Continuing Growth but Risks are Increasing
October 25, 2011 - Real GDP grew at 6.7 percent in Fiscal Year 2011 (July 2010-June 2011), continuing the upward trend in growth.
Growth in FY 11
According to the latest Bangladesh Economic Update for 2011, growth was strong in FY11, reaching 6.7% , and rebounding from a decline seen in FY06-09. Good performance in manufacturing and construction, two successive years of bumper harvests in the crop sector, as well as sustained high contribution from the services sector contributed to the growth.
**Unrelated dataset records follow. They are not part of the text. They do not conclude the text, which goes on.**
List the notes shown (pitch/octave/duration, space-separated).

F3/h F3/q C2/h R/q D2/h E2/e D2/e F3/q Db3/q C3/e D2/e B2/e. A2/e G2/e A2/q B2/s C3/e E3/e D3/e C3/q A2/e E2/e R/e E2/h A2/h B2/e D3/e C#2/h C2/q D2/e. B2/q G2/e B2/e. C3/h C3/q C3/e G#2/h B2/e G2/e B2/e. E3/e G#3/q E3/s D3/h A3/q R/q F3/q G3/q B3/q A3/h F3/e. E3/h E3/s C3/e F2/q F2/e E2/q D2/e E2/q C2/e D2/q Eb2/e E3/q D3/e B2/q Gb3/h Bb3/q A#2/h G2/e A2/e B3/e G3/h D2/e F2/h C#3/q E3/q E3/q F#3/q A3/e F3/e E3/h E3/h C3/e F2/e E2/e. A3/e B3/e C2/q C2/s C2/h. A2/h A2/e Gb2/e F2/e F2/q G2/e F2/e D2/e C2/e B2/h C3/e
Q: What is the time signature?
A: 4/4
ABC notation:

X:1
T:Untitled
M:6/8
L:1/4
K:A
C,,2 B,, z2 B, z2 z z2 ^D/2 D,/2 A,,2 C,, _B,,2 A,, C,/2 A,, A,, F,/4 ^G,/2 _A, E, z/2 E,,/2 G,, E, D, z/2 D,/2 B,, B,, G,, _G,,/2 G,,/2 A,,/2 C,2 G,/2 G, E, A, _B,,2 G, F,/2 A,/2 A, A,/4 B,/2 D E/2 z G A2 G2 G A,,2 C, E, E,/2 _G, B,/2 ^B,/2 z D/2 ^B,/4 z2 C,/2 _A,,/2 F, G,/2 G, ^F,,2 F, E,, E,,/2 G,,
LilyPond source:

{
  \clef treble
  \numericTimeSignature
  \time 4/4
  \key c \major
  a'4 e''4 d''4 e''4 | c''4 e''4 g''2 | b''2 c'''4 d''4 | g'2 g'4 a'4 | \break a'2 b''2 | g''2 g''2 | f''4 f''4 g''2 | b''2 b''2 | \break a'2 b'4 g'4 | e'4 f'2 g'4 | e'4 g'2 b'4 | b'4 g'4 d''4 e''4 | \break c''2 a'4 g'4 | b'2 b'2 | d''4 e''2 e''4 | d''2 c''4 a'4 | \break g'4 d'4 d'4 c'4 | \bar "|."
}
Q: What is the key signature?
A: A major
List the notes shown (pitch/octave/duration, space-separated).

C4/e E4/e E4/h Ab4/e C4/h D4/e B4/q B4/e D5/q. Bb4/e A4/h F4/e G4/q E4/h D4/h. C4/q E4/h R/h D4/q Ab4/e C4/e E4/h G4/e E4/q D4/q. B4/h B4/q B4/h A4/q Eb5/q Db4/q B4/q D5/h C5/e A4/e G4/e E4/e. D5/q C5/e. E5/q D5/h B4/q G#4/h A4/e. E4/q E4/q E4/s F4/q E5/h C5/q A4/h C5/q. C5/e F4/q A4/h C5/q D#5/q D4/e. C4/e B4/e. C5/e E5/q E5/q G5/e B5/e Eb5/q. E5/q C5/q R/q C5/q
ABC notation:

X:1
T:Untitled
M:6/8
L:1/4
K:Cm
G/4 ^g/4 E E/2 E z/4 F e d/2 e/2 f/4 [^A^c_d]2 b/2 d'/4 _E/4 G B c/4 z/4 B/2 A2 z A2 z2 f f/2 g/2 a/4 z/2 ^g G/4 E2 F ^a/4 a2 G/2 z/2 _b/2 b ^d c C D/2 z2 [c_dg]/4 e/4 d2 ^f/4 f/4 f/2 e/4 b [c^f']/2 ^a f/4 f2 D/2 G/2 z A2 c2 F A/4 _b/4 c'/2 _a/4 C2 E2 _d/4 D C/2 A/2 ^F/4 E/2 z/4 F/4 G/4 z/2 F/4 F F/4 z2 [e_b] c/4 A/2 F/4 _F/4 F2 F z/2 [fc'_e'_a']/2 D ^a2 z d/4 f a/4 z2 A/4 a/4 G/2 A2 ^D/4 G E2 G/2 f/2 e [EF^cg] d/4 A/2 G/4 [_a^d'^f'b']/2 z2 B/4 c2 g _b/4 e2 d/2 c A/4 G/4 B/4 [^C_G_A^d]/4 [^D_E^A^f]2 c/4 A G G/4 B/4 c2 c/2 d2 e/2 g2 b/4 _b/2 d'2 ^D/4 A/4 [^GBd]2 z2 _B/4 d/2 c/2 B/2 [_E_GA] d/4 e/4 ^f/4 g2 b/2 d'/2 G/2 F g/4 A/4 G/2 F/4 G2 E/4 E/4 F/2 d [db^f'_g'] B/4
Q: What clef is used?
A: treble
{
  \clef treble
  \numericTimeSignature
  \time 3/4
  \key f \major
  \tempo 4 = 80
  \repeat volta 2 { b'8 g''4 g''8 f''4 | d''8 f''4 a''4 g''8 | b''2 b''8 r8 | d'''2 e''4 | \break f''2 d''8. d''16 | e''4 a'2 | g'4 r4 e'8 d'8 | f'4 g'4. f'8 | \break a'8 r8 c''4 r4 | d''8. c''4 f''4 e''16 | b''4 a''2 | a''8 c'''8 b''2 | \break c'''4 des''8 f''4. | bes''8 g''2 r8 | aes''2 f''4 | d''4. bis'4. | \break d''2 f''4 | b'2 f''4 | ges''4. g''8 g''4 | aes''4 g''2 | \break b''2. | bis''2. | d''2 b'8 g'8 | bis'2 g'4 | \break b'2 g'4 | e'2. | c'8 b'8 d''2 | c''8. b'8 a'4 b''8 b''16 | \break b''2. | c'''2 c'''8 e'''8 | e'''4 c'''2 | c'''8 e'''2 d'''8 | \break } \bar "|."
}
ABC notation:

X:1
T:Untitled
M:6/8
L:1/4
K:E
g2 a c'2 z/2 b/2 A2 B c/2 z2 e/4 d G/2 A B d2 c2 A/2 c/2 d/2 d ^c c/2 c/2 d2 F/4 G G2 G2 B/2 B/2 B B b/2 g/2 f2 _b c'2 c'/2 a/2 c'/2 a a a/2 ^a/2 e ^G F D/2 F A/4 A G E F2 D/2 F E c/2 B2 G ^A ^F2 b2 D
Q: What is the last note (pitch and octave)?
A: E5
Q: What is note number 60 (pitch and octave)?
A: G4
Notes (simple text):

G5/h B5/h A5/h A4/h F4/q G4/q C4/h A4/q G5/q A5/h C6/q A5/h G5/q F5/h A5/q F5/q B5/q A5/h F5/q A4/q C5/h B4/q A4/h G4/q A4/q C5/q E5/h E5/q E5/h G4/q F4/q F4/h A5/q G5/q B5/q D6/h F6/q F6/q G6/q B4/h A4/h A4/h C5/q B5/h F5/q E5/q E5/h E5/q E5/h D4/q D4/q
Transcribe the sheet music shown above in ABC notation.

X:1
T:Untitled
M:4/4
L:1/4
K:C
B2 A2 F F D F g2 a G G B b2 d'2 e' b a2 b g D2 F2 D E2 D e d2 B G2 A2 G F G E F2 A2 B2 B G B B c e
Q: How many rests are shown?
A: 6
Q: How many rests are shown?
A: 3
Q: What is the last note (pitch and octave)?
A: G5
High Inflation Remains a Concern
Inflation is high and volatile, with the year-on-year rate reaching 12 percent in September 2011. This is the highest recorded since FY99. Increases in the overall CPI were driven by food prices, but non-food prices have also started rising in recent months. The rise in non-food inflation has been driven by rise in prices of clothing and footwear, transport, furniture and household equipments, and miscellaneous goods and services.
Both supply and demand side factors explain inflation in Bangladesh. Rising international commodity prices were the main source of food price increases. Rising oil prices also result in rise in prices of almost all other commodities in the consumer basket. The growing gap between domestic demand and domestic production appears to have contributed to the rise in non-food inflation that was concentrated in non-energy items.
Risks in the global economy can affect Bangladesh in several ways. The S&P downgrade of US debt as well as the debt problems in the Euro Zone are affecting the international markets and renewing fears of another global slowdown. This time around, limited fiscal and monetary space in developed countries increases the chances of a protracted slowdown. If this slowdown occurs, it can affect Bangladesh’s balance of payments through its impact on exports and remittances, put pressure on the exchange rate, increase economic uncertainty, and, in turn, weaken investment and growth.
Domestic policies will also affect Bangladesh’s economic prospects. A slow pace of reforms in the investment climate can affect domestic and foreign investment, as can inadequacies in energy supply and the poor quality of other infrastructure. The reversal of trade reforms as well as weakening of the financial sector can also affect export growth and investment. Expansionary macroeconomic policies could increase risks on the current account and make inflation management more difficult.
Unlike in 2008, Bangladesh has less policy space to cushion the impact of a second global slowdown through fiscal stimulus packages and monetary easing. Rapid growth in subsidies, sustained high rate of growth of credit to the private sector as well as recourse to monetary financing of the fiscal deficit have led to the erosion of the fiscal and monetary policy space. Much improved fiscal and monetary discipline combined with stronger efforts to address the energy and infrastructure deficits will be critical for sustaining growth performance. Maintaining the long-established tradition of sound macroeconomic management will also be important.
The strong growth performance of FY 11 can be repeated in FY12 if exports continue to grow and if garment exports benefit from the agreement reached during the recent India-Bangladesh Summit, remittances continue to recover, and if investment is boosted by improved infrastructure services – particularly power.
However, maintaining the enabling environment to allow a repeat of the growh performance in FY12 will be a challenging task considering the growing downside risks.